→ Exercise
Could you repeat exactly the lines from the one containing "And now if we" through the last line of the records, with no pictures?

→ Data extracts
○ ○ ○ ○ ○ ○ ○

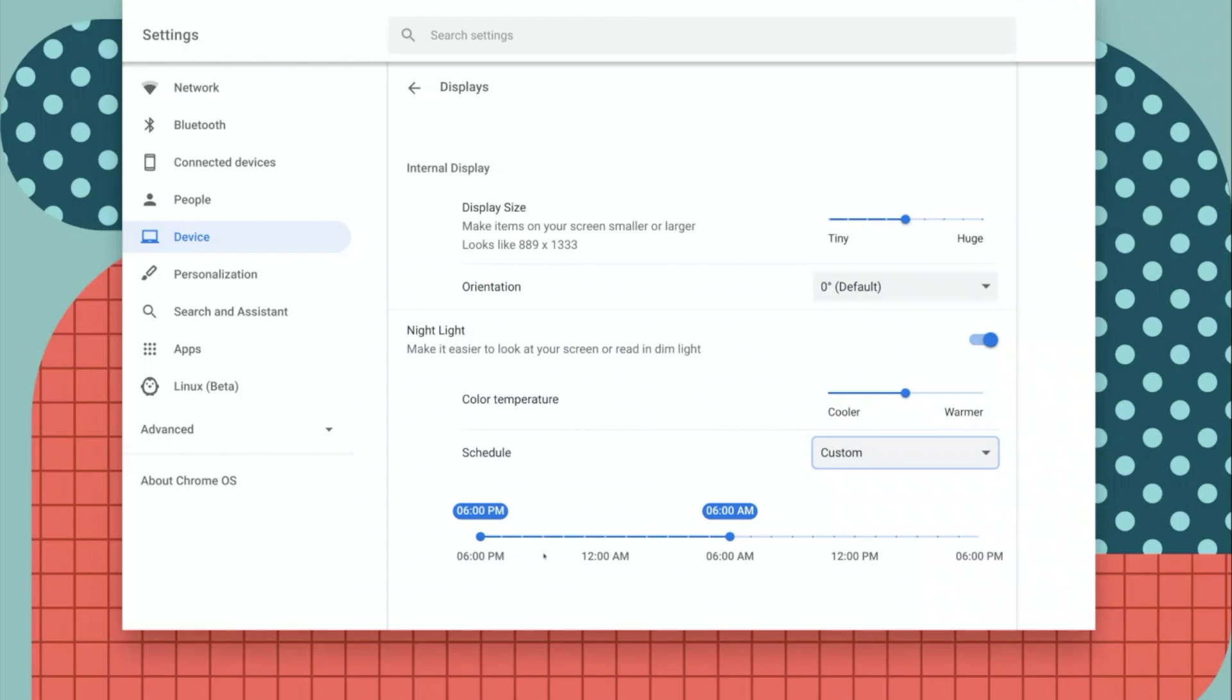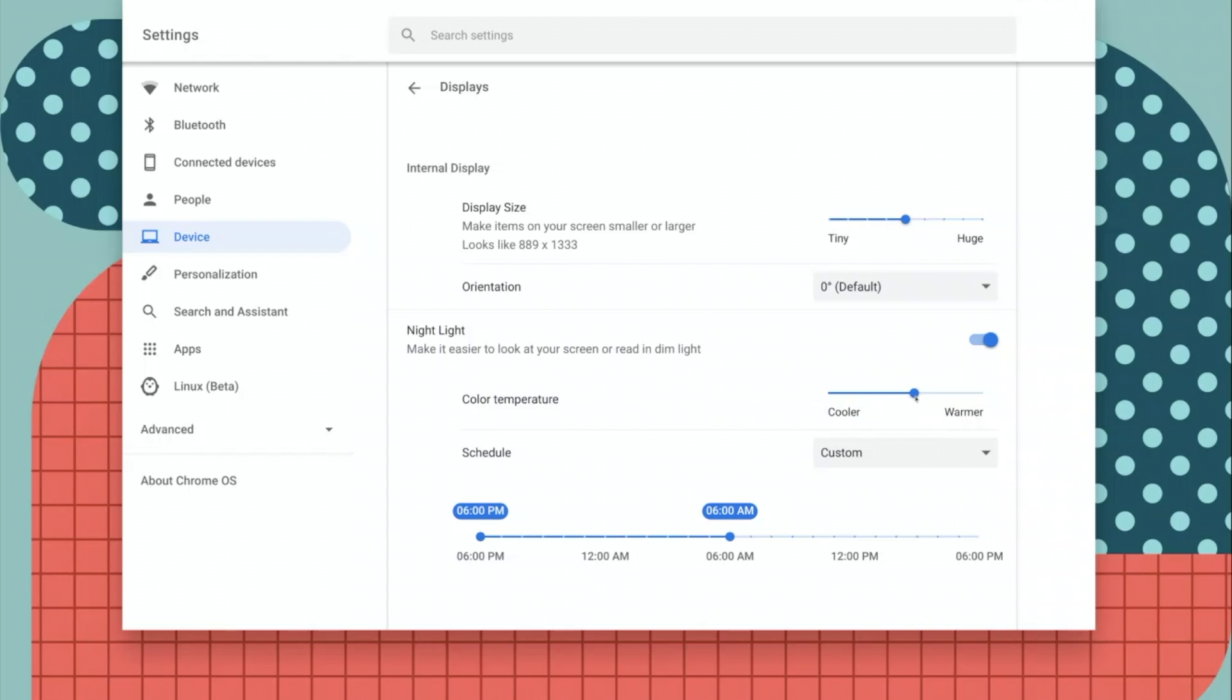Another option that you have is to change or customize the color temperature. Use the slider to make it cooler or warmer, so set that according to your preference.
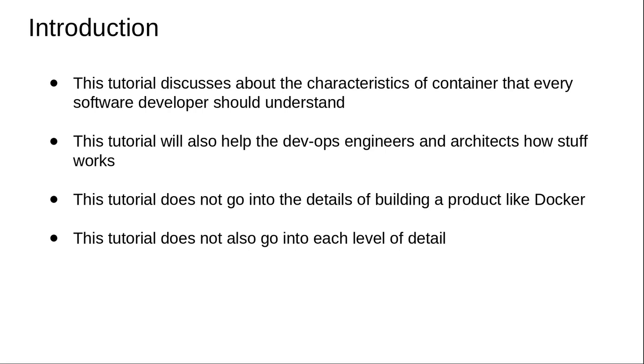many details associated with every command or every aspect related to Docker as part of this course. Thank you for listening, and let's jump into the next section.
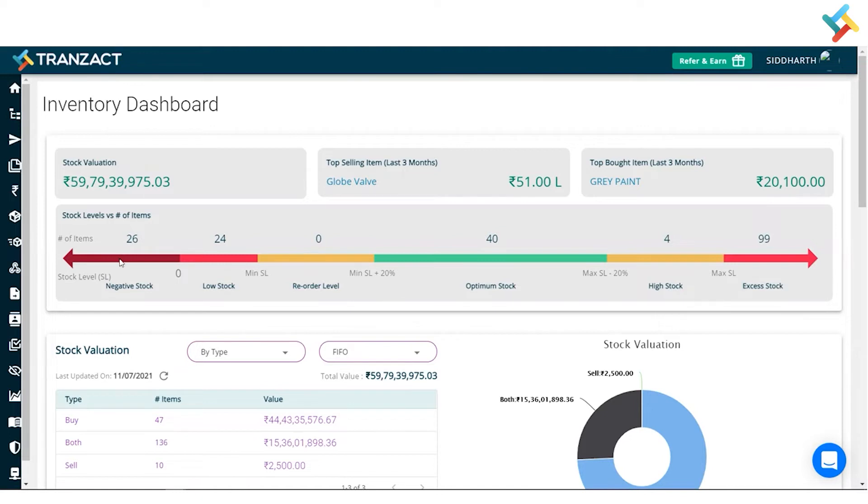Low stock also needs to be procured. Optimum stock is where you don't need to take action—you have sufficient quantity of stock for that.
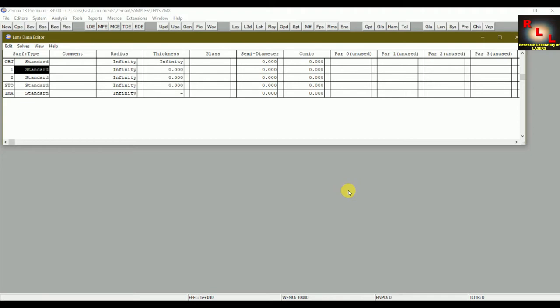Today we will design an optical system using sequential mode of ZEMAX. We will first design the optical system and then analyze different parameters like spot diagram, footprint diagram, FFT, MTF, irradiance, 2D layout, and 3D layout to check whether the results match what we want from our system in the real world. In sequential mode, we use the Lens Data Editor window to define different surfaces in sequence through which the rays will pass.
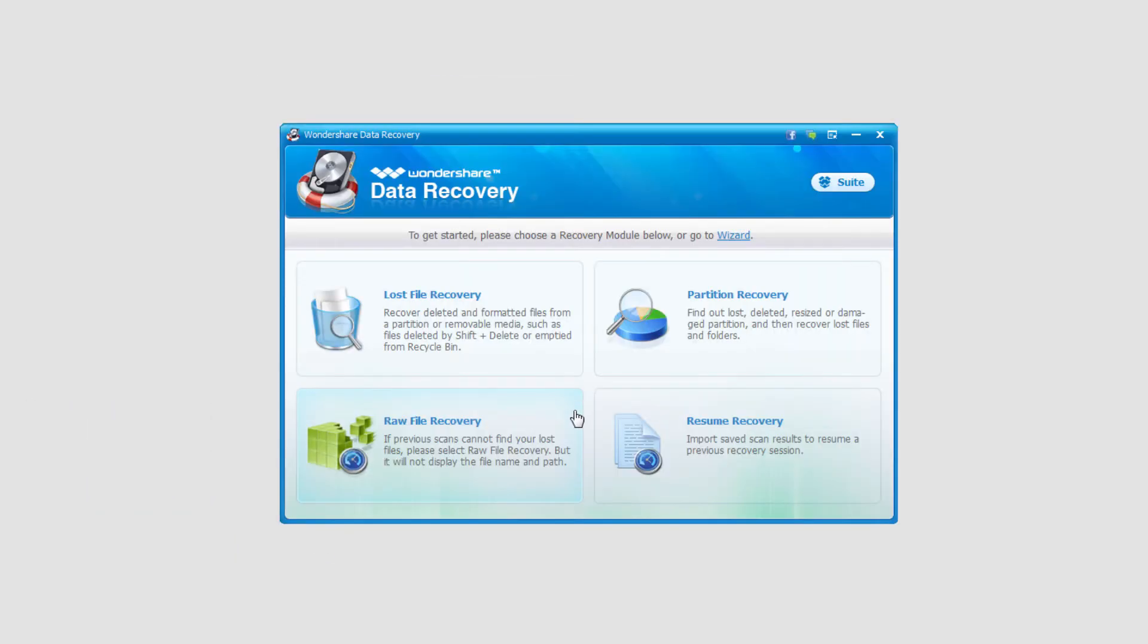And now if we wanted to do the same thing, all we have to click on is in standard mode, resume recovery.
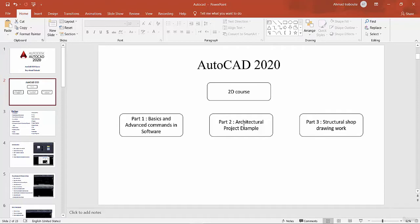In Part 2 and Part 3, we will show how to begin with an architectural project — using all the commands and advanced commands from Part 1. We will show how to begin with a shop drawing: a structural shop drawing or an architectural shop drawing.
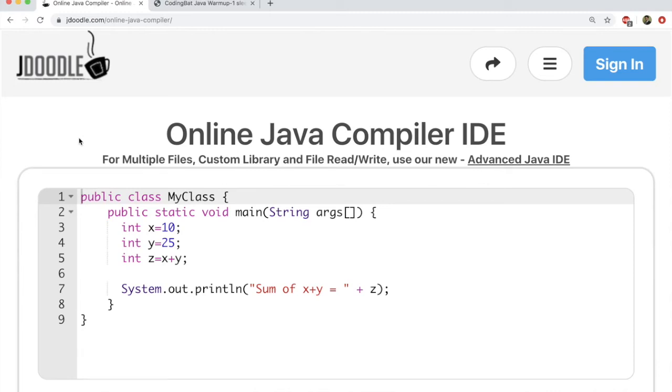Hi everyone. In this video, I'm going to give you an overview of JDoodle and CodingBat, two websites that we are going to use for this course.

○ ○ ○ ○ ○ ○ ○

→ Task result
And now if we wanted to do the same thing, all we have to click on is in standard mode, resume recovery.
In Part 2 and Part 3, we will show how to begin with an architectural project — using all the commands and advanced commands from Part 1. We will show how to begin with a shop drawing: a structural shop drawing or an architectural shop drawing.
Hi everyone. In this video, I'm going to give you an overview of JDoodle and CodingBat, two websites that we are going to use for this course.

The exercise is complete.